→ Your task
Start the copy at the line holding "Продажа на аукционе" and continue it exactly through the last line of the entries, leaving out pictures and anything else.

______

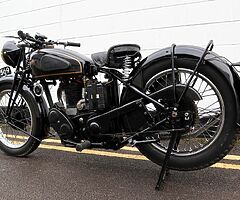 1947 Velocette Venom Clubman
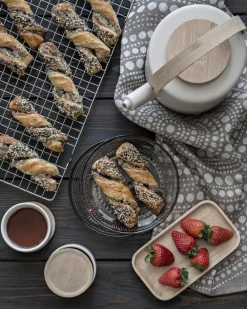 Stelton Theo teapot, sand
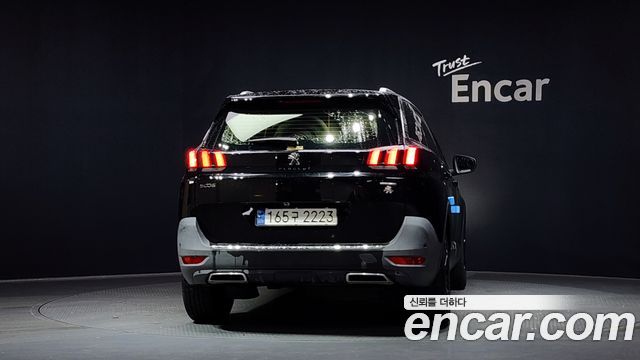 Peugeot 5008 из Кореи Encar
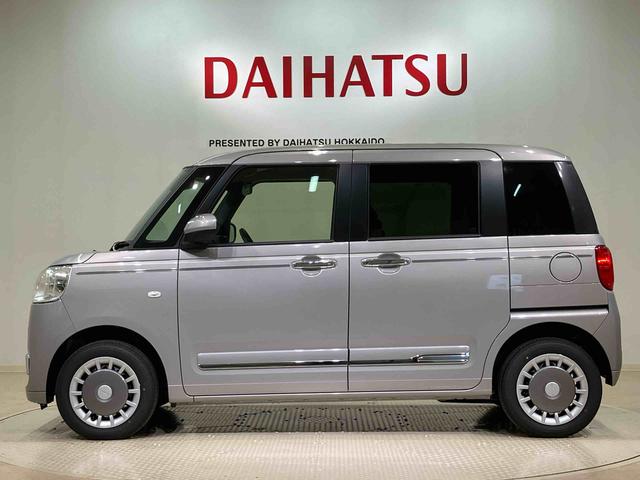 ムーヴキャンバスセオリーＧ（北海道）の中古車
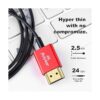 Micro HDMI largo 4K a HDMI 9.8FT3M ultra alta velocidad_5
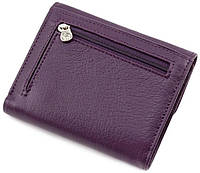 Женский кошелёк из натуральной кожи Marco Coverna MC-2047A-25 Фиолетовый высокое качество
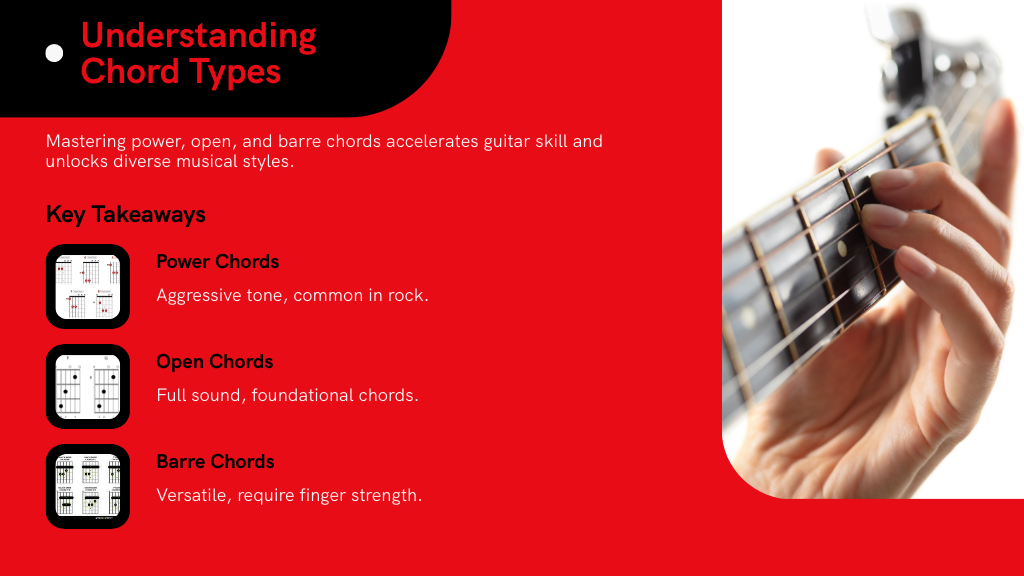 Understanding Chord Types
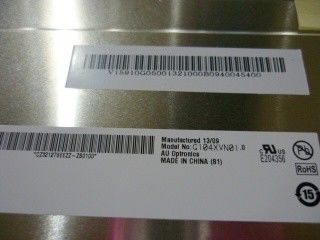 10.4 Inch G104XVN01.0 30 Pinów AUO TFT LCD 89/89/89/89 (typ.)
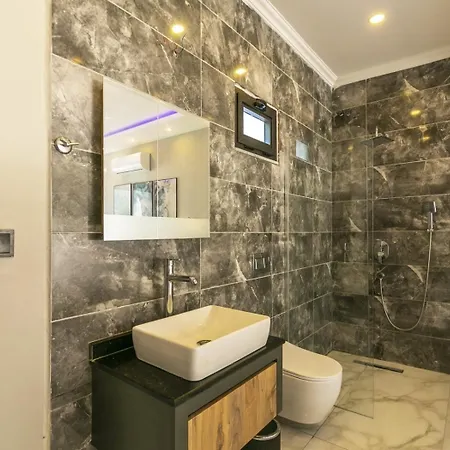 Villa İslamlar 1 Bedroom Secluded With Private Pool Hot Tub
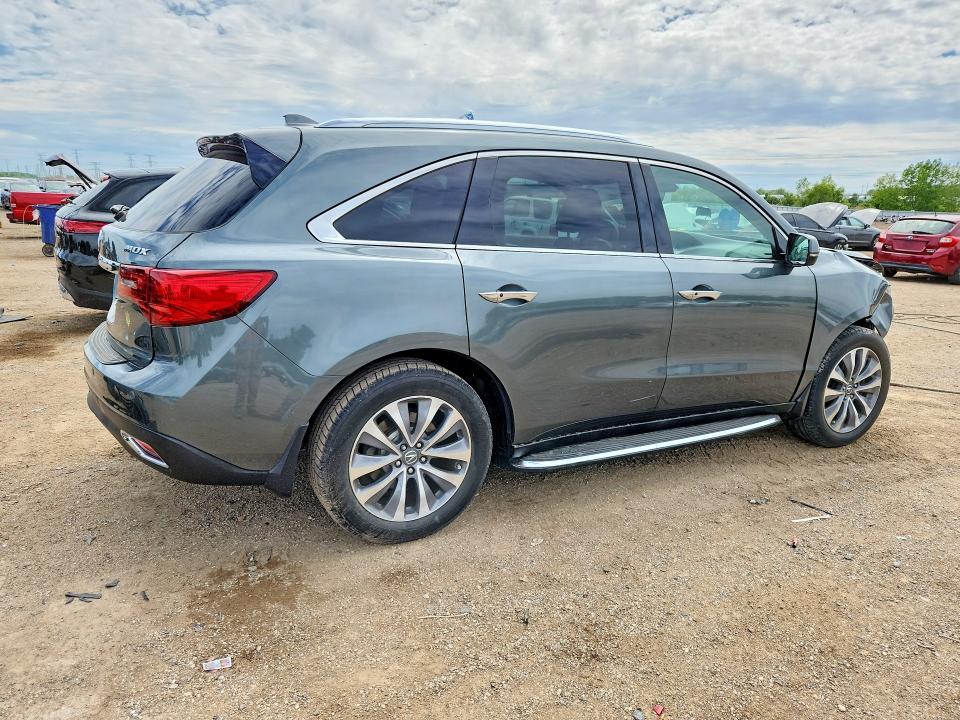 Продажа на аукционе авто 2015 Acura Mdx, vin: 5FRYD3H88FB001862, номер лота: 55419756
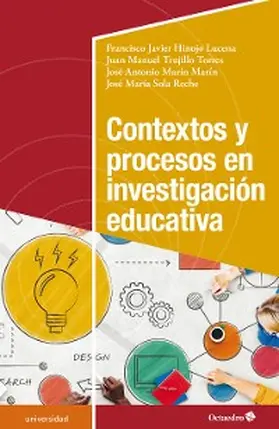 Hinojo Lucena / Trujillo Torres / Marín Marín |  Contextos y procesos en investigación educativa | eBook | Sack Fachmedien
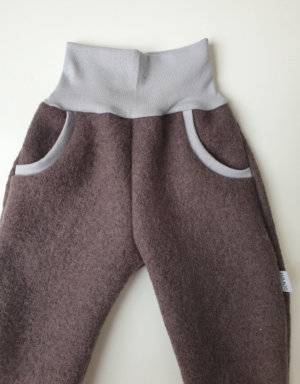 Walkhose taupe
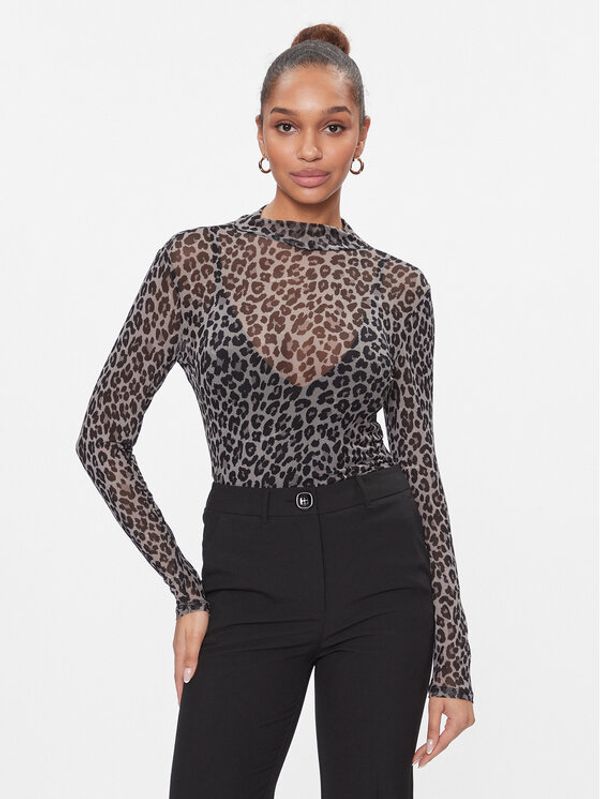 JDY JDY Majica 15274127 Siva Regular Fit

______

→ Your response
 Продажа на аукционе авто 2015 Acura Mdx, vin: 5FRYD3H88FB001862, номер лота: 55419756
 Hinojo Lucena / Trujillo Torres / Marín Marín |  Contextos y procesos en investigación educativa | eBook | Sack Fachmedien
 Walkhose taupe
 JDY JDY Majica 15274127 Siva Regular Fit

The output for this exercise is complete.